A convolution operation is a mathematical operation used in various fields such as signal processing, image processing, and machine learning. It involves combining two functions to produce a third function that expresses how the shape of one is modified by the other.

In this tutorial, we want to explore and compare different implementations of 2D convolution.

We will implement 2D convolution in Python using various libraries. Specifically, we will look at three different methods: scipy_fft, jax_fft, and scipy_convolve2d.

The total time taken by each method will be measured and compared.

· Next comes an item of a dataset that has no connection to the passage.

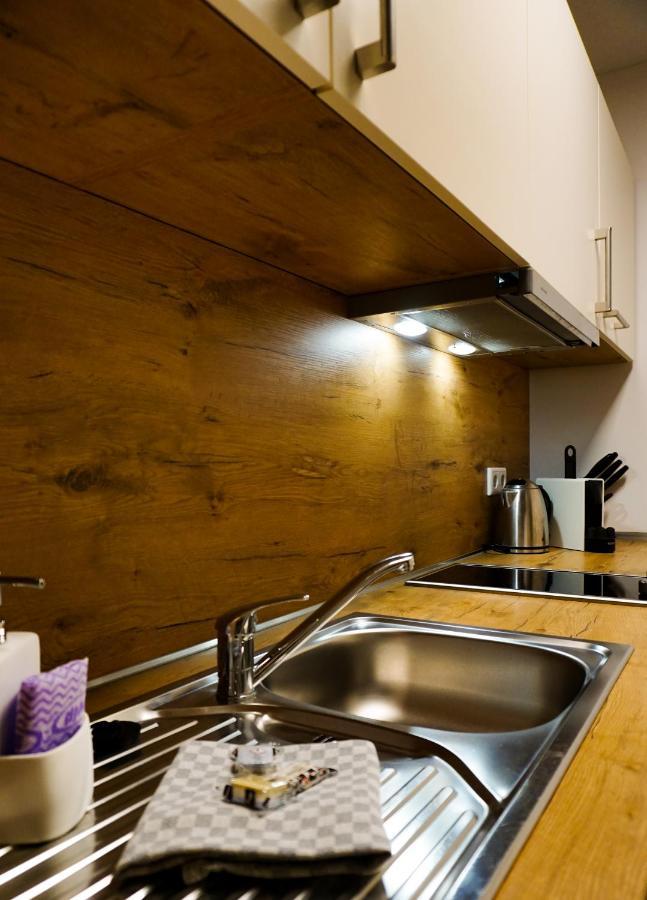 Parkresidenz Lychen, Ferienwohnung 8 المظهر الخارجي الصورة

Import necessary libraries

import numpy as np
import matplotlib.pyplot as plt
from wolfhece.wolf_array import header_wolf, WolfArray

from datetime import datetime as dt, timedelta

Creation of a matrix and a filter

def set_a_f(n, n_filter):
    h = header_wolf()
    h.shape = (n, n)
    h.set_resolution(0.1, 0.1)

    h_filter = header_wolf()
    h_filter.shape = (n_filter, n_filter)
    h_filter.set_resolution(0.1, 0.1)

    a = WolfArray(srcheader=h)
    f = WolfArray(srcheader=h_filter)

    return a, f

Setting up data for different cases

to_test = [(100, 10),
           (200, 20),
           (500, 50),
           (1000, 100),
           (2000, 200),
           (5000, 500),
        #    (10000, 1000),
           ]

all = [set_a_f(n, n_filter) for n, n_filter in to_test]

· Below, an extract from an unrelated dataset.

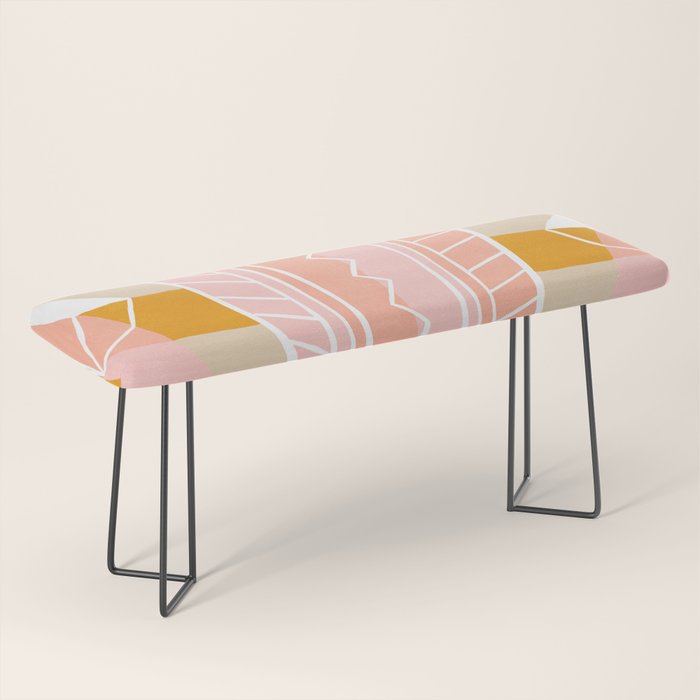 salida, peach Bench Gallery Image 1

Calculation of the convolution with Numpy

for a, f in all:
    fig, axes= plt.subplots(1, 2, figsize=(10, 5))
    n = a.shape[0]
    a.array[n//2-n//4:n//2+n//4,n//2-n//4:n//2+n//4] = 2.0
    a.plot_matplotlib((fig, axes[0]))
    # make a circular filter with exponential falloff
    n_filter = f.shape[0]
    f.array[:,:] = np.asarray([np.exp(-((i-n_filter/2)**2+(j-n_filter/2)**2)/n_filter**2) for i in range(n_filter) for j in range(n_filter)]).reshape((n_filter,n_filter))
    f.plot_matplotlib((fig, axes[1]))
    plt.show()

Calculation of convolution using Fourier transform

For larger matrices, convolution can be computed more efficiently using the Fast Fourier Transform (FFT).

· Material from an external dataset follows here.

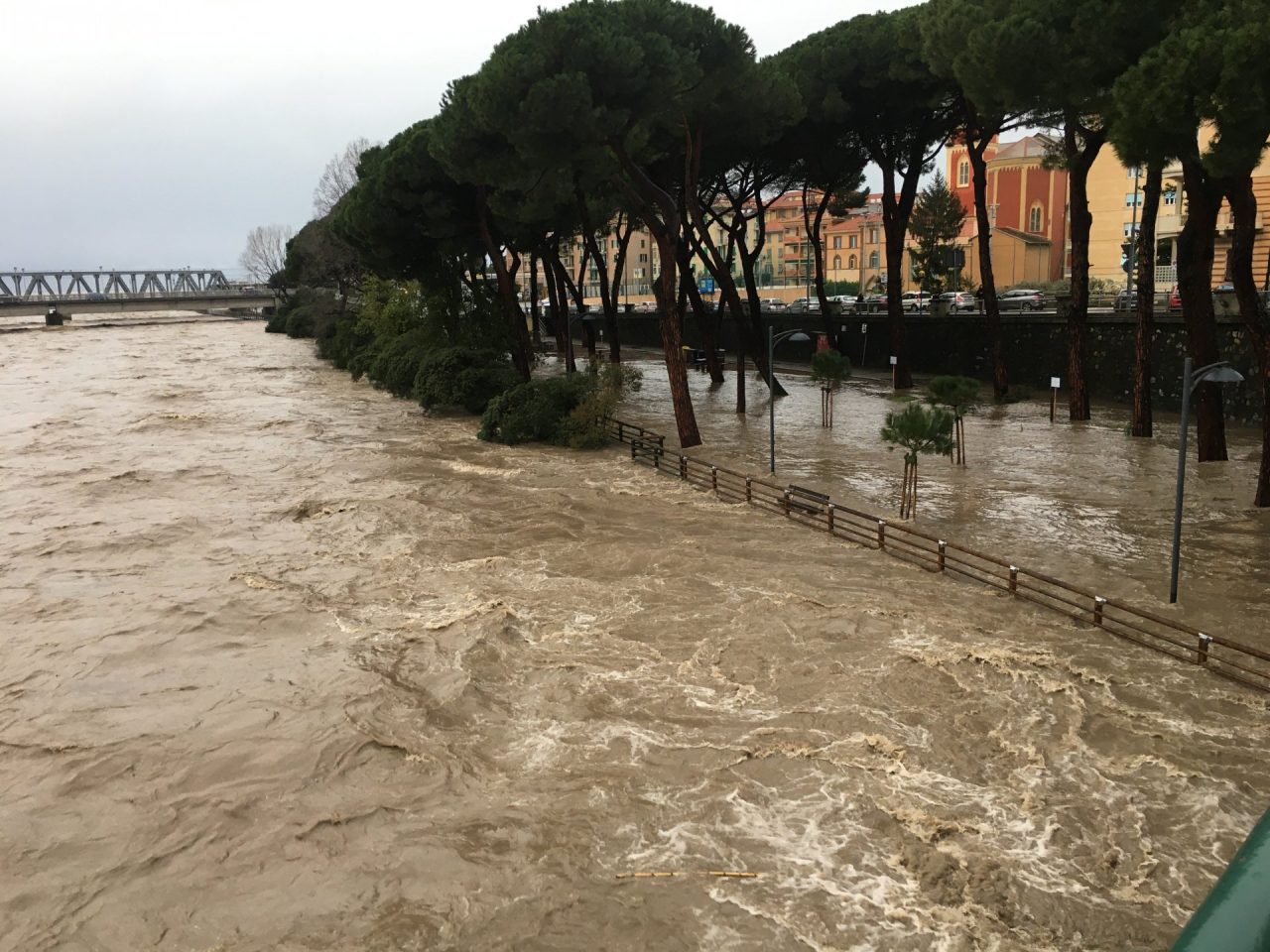 Entella esondazione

We test two implementations: one using scipy.fft and another using jax.numpy.fft.

• scipy_fft

• jax_fft

for a, f in all:
      fig, axes = plt.subplots(1, 3, figsize=(15, 5))

      # scipy fft
      start = dt.now()
      scipy_fft = a.convolve(f, method='scipyfft', inplace=False)
      scipy_runtime = dt.now() - start
      scipy_fft.plot_matplotlib((fig, axes[0]))
      axes[0].set_title('scipy fft')

      # jax fft
      start = dt.now()
      jax_fft = a.convolve(f, method='jaxfft', inplace=False)
      jax_runtime = dt.now() - start
      jax_fft.plot_matplotlib((fig, axes[1]))
      axes[1].set_title('jax fft')

      if a.shape[0] <= 500:
            #classic == scipy.convolve2d
            start = dt.now()
            classic = a.convolve(f, method='classic', inplace=False)
            classic_runtime = dt.now() - start
            classic.plot_matplotlib((fig, axes[2]))
            axes[2].set_title('classic')
      else:
            classic_runtime = timedelta(0)
            axes[2].axis('off')

      plt.figure(figsize=(10, 5))
      plt.bar([0,1,2], [scipy_runtime.total_seconds(),
                        jax_runtime.total_seconds(),
                        classic_runtime.total_seconds()],
                  tick_label=['scipy', 'jax', 'classic'])
      plt.show()

Conclusions

Computattion time evolves with the size of the matrix and the filter.

For very large matrices, the FFT-based methods are significantly faster than the direct convolution method.

Jax only outperforms Scipy for very large matrices, likely due to its optimization for GPU acceleration. But for smaller matrices, the overhead of using Jax may not be justified.